8/10
A Contrived Concept Makes Way for a Surprisingly Worthwhile, Emotionally Resonant Drama
4 July 2012
Warning: Spoilers
A studio picture with a premise this contrived shouldn't work, but this 2012 family drama works in ways that are quite unexpected and emotionally resonant because a palpable level of truthfulness emerges with the characters even as the plot teeters precariously on credibility issues. First-time filmmaker Alex Kurtzman, a go-to screenwriter of ϋber-action fare like "Star Trek" and "Mission: Impossible III", based his personal movie on events in his own life when he met his own half- sister for the first time as he turned thirty. The plot focuses on Sam, a slick, 31-year-old huckster of a salesman in the bartering business. Just as he gets snagged by a bad deal that costs him the huge bonus he just secured to pay off long-standing debts, Sam finds out his father, Jerry Harper, a legendary Laurel Canyon record producer, has died, which means he needs to come home to LA for the funeral against his will. Reuniting with his estranged mother Lillian becomes challenging enough, but Sam also discovers that his father left him $150,000 in his shaving kit.

The catch is that it comes with instructions to deliver the cash to an 11-year-old named Josh, who happens to be the son of Frankie, a half- sister he didn't know he had. Tempted to keep the cash himself, Sam finds Frankie and follows her to an AA meeting where she shares the sudden news of her father's death and the hurtful anger she feels for not being publicly acknowledged as his daughter. Her pain is what becomes the common bond that she and Sam share and the beginning of a web of lies he tells her in order to build upon his newly discovered family ties. It's this thread of deception that propels Kurtzman's storyline, and the moment you start to feel the movie get phony, he manages to get it back on track through the burgeoning relationship that forms between Sam, Frankie and Josh. Of course, the further Sam delays in telling the truth, the more catastrophic the results. Perceptive performances are critical in pulling off this kind of drama, and Kurtzman coaxes strong work from his cast.

Chris Pine captures Sam's manic energy and evasive nature to a T, and he manages to reveal the vulnerability underneath that shows he never quite gave up on his quest for his father's approval and love. Still etched in my memory as the hot-to-trot bookstore clerk in "The 40-Year-Old Virgin", Elizabeth Banks has matured as an actress and delivers a genuinely empathetic performance as Frankie, a single mother struggling with a hardscrabble life and a smart, troublemaking son. She and Pine manage a nice rapport that skirts the incest minefield that could have occurred in lesser hands. Too long off the screen and still looking like People Magazine's most beautiful woman, Michelle Pfeiffer makes her few scenes count as the newly widowed Lillian, who met Jerry back in the seventies when she was a former hatcheck girl at the Troubadour and dreamed of becoming the next Joni Mitchell. She succinctly shares her anger toward Sam for his indifference toward Jerry while slowly revealing her own secrets and fears. As the precocious Josh, Michael Hall D'Addario is given lines only an 11-year-old in a mainstream movie would speak, but he is such a likable young actor that he manages to come across as authentic.
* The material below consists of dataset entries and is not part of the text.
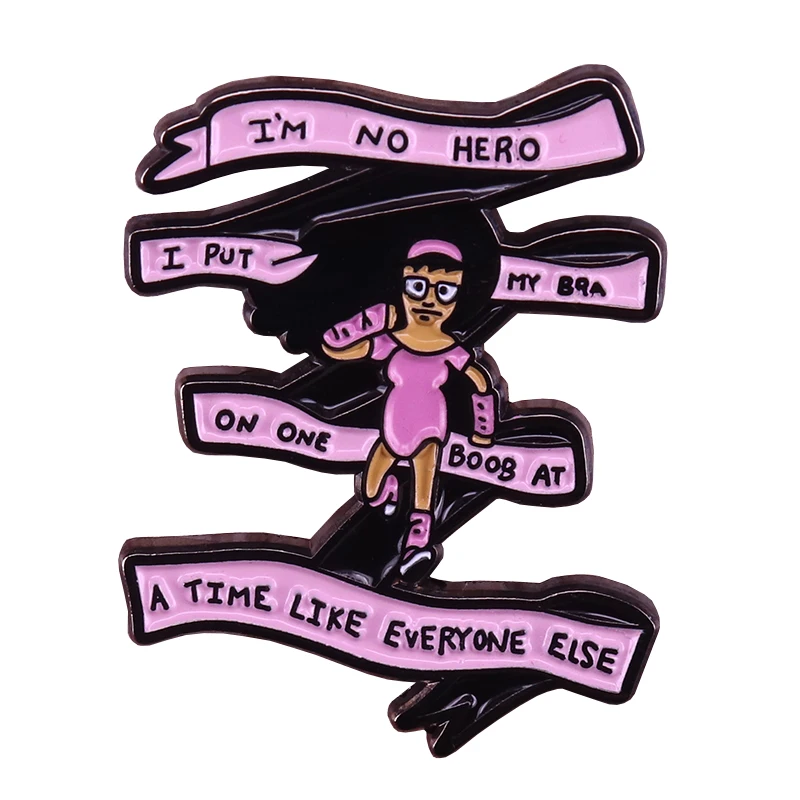 

Bob's Burgers badge pink I'm no hero enamel pin funny quotes banner brooch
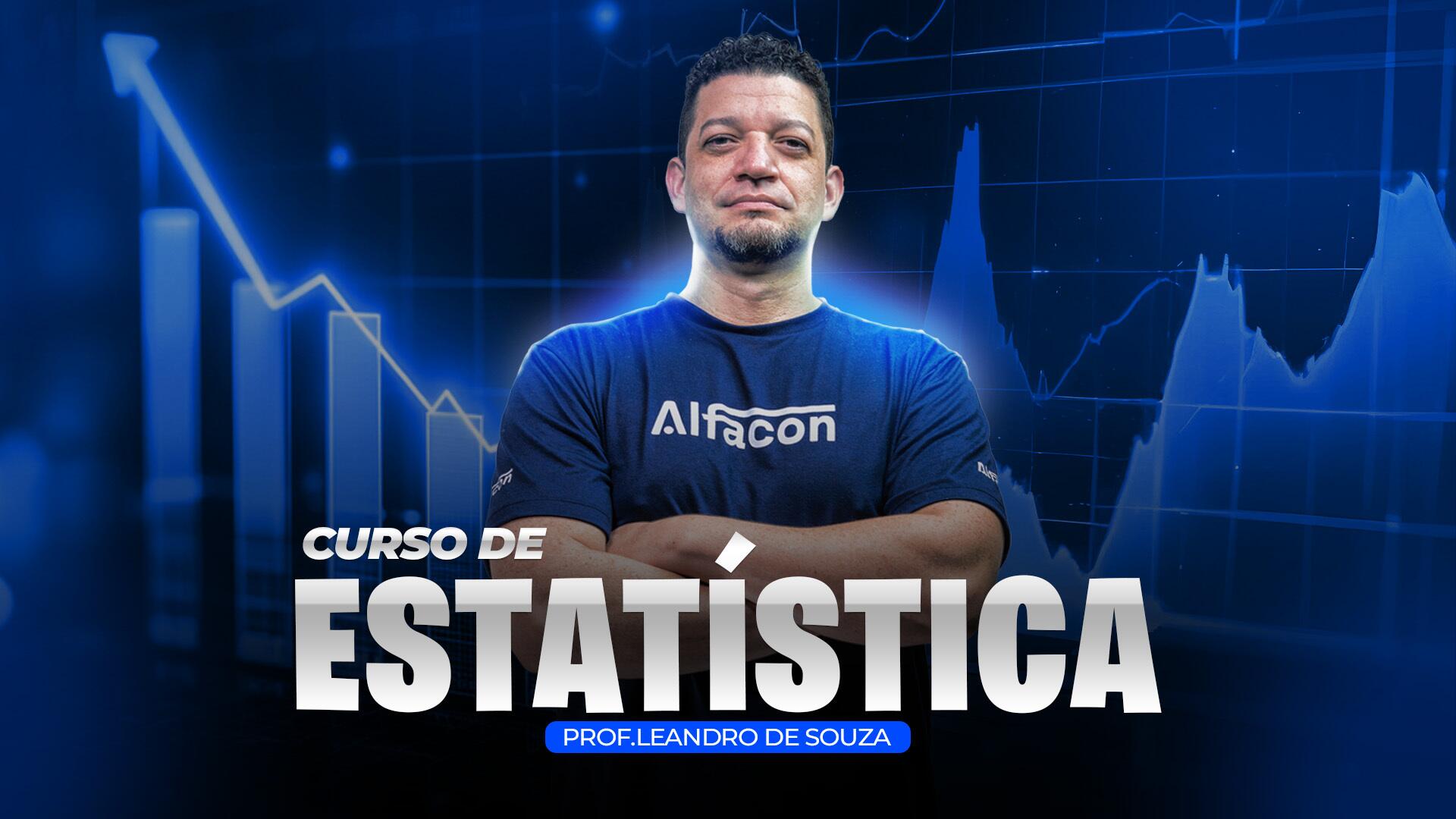 Curso de Estatística com o Prof. Leandro de Souza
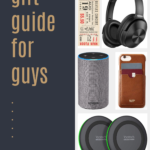 The Gift Guide for Guys In Your Life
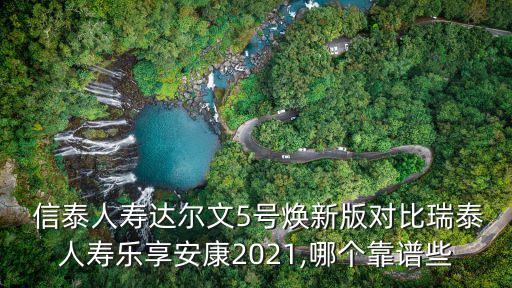  信泰人壽達(dá)爾文5號煥新版對比瑞泰人壽樂享安康2021,哪個(gè)靠譜些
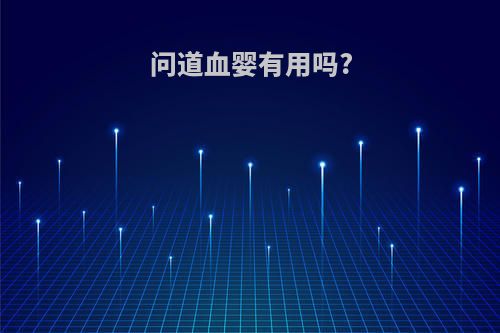 问道血婴有用吗?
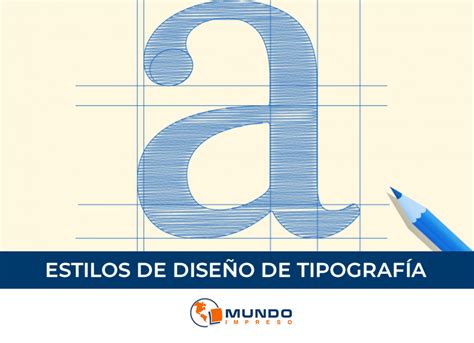 Estilos de Diseño de Tipografía Mundo Impreso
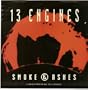 13 Engines - Smoke & Ashes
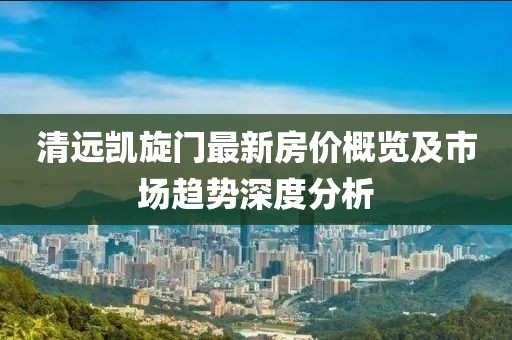 清远凯旋门最新房价概览及市场趋势深度分析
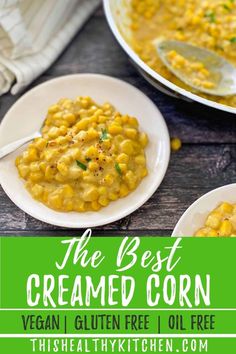 the best creamed corn recipe is made with vegan gluten free oil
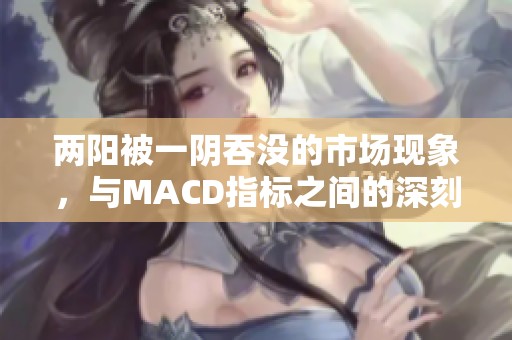 两阳被一阴吞没的市场现象，与MACD指标之间的深刻关系解析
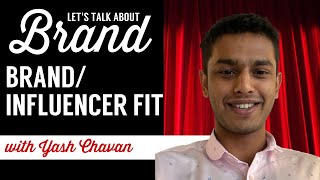 Let's Talk About Branding with Influencers with Yash Chavan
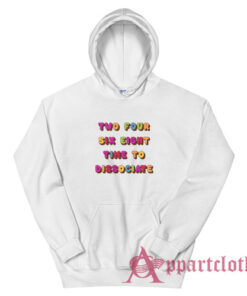 Two Four Six Eight Time To Dissociate Hoodie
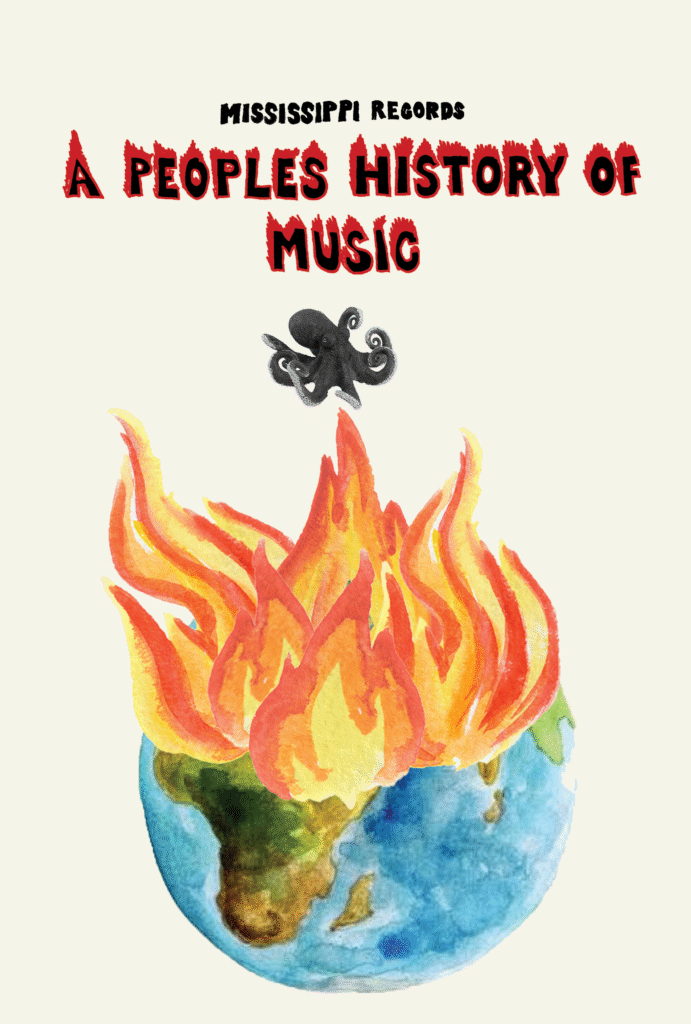 A PEOPLE'S HISTORY OF MUSIC (DURING TIMES OF AUTHORITARIANISM)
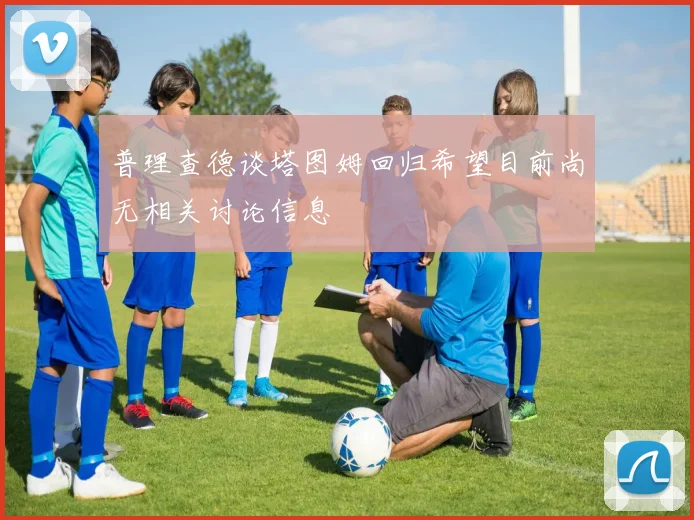 普理查德谈塔图姆回归希望目前尚无相关讨论信息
Olivia Wilde has a thankless role as Sam's put-upon girlfriend Hannah, but she provides more depth than the plot device she represents, while indie mainstay Mark Duplass ("Humpday") seems to be showing up everywhere these days, this time as Frankie's conveniently available downstairs neighbor. There are cameos from familiar character actor Philip Baker Hall ("50/50") as Jerry's attorney friend and Jon Favreau as Sam's belligerent boss. A.R. Rahman ("Slumdog Millionaire") provides the original music, while cinematographer Salvatore Totino really captures the vibrancy of LA life beyond the stereotypical images. Kurtzman sometimes abuses quick cuts to emphasize Sam's restlessness, but when the truth is revealed in the story, it reinforces the message he sincerely conveys in appreciating the value of family and the importance of forgiveness. His clever use of home movies to bring this message home results in the heartbreaking impact that was obviously intended. I definitely recommend this surprising movie.